Há muito tempo tido como umas das principais festas de uma campanha, as grandes reuniões públicas perderam sua força

Comício no Centro de Manaus com a presença de Fernando Henrique Cardoso

Comício no Centro de Manaus com a presença de Fernando Henrique Cardoso (Euzivaldo Queiroz/ Arquivo)

No ano em que se comemorou os 30 anos dos grandes comícios no País, como os da campanha “Diretas Já”, cinco dos sete candidatos ao governo veem eventos dessa natureza como superados em uma campanha eleitoral. Alguns afirmam até que não vão realizar comícios.

O candidato do PSB, deputado estadual Marcelo Ramos, diz que os comícios não cabem mais na política moderna, pois negam o diálogo entre candidato e eleitor. “Não farei comício porque a política tem que ser um espaço de diálogo. A política moderna deve criar ferramentas modernas de diálogo. E segundo porque, nos últimos anos, não vi um comício em que o público não fosse formado apenas por cabos eleitorais dos candidatos. Não tem eleitor comum que vá para comício”, afirma o deputado.

Ramos disse que o contato dele e de seus apoiadores de campanha, Eduardo Campos e Marina Silva, com o eleitor de Manaus será por meio de reuniões e caminhadas. “Nós vamos fazer reuniões e caminhadas. Podemos até fazer reunião ampla, grande, mas que sejam espaços de diálogos”, declarou o candidato do PSB.

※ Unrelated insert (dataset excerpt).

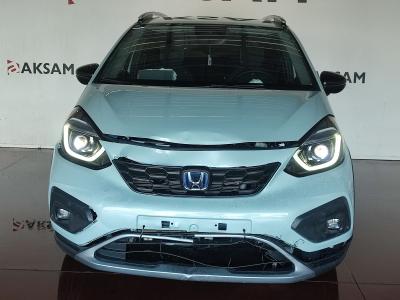JAZZ 1.5 E:HEV HYBRID CROSSTAR AT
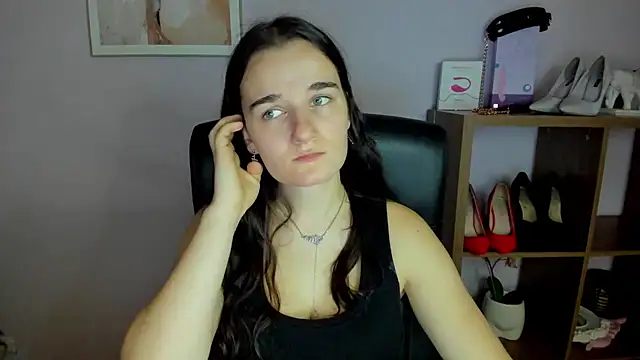 KateDelight online show from November 2, 7:44 am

Luiz Navarro, candidato do PCB ao Governo do Amazonas, disse ter a mesma opinião de Marcelo Ramos. “Logo após o restabelecimento da democracia, com a queda da ditadura. O povo ainda saia de suas casas para participar dos comícios. Hoje, dificilmente você consegue reunir eleitores de fato interessados em ouvir propostas dos candidatos”, comentou Navarro.  

Eleito governador em 1998, Amazonino Mendes fez comício da vitória em Manacapuru

Navarro declarou que mesmo se tivesse recurso, não apostaria em comício nessa campanha. “Usaria outros meios. Também acho que o comício está ultrapassado. Acho muito mais importante a caminhada, o aperto de mão, o diálogo direto com o eleitor. Acredito que a mídia televisiva concentre muito mais pessoas ouvindo você do que em um comício”, defendeu o candidato do PCB.

O ex-deputado estadual e candidato do Psol ao governo, Abel Alves, disse que uma das razões que enfraqueceram os comícios é o descrédito da população com a classe política, ao ponto dos cidadãos preferirem assistir à novela das 20h do que sair de casa para ver um comício.

 “Geralmente, os comícios são às 20h. Às 20h tem novela, aí poucos vão. Segundo: há um descrédito muito grande nos políticos por causa das promessas que não são cumpridas. Terceiro: só vai para comício quem tem condução. Aí você tem que colocar transporte à disposição”, comentou Abel.

Segundo o ex-deputado, fazer comício só vale a pena ainda no interior. Ele diz que vai fazer dois em Tefé, município onde nasceu. “No interior ainda é uma coisa que se faz. Porque as pessoas querem saber quem é o candidato. Mas no futuro vai ser uma coisa ultrapassada. Porque hoje você entra na casa do cidadão com a Internet, com a televisão. O que fizemos sempre é fazer uma caminhada e no final fazer o comício. É isso o que vamos fazer”, disse candidato a governo do Psol.

Depende do lugar

O deputado estadual Marco Antônio Chico Preto, candidato do PMN ao governo, disse que comício não é um evento que pode ser realizado em todas as cidades. “Tem situações que valem a pena. Mas, às vezes, se dividir em três ou dois encontros menores, você tem um resultado melhor de compreensão da mensagem. É muito difícil fazer eventos iguais aos de 20, 30 anos atrás. Porque antes os comícios tinham uma série de outros apelos”, disse o candidato. O parlamentar afirmou que não descarta fazer comício na sua campanha. Mas a decisão será tomada ao longo da caminhada.

A CRÍTICA tentou contato com o candidato Herbert Amazonas (PSTU), mas ele não atendeu ao 81xx-xx29.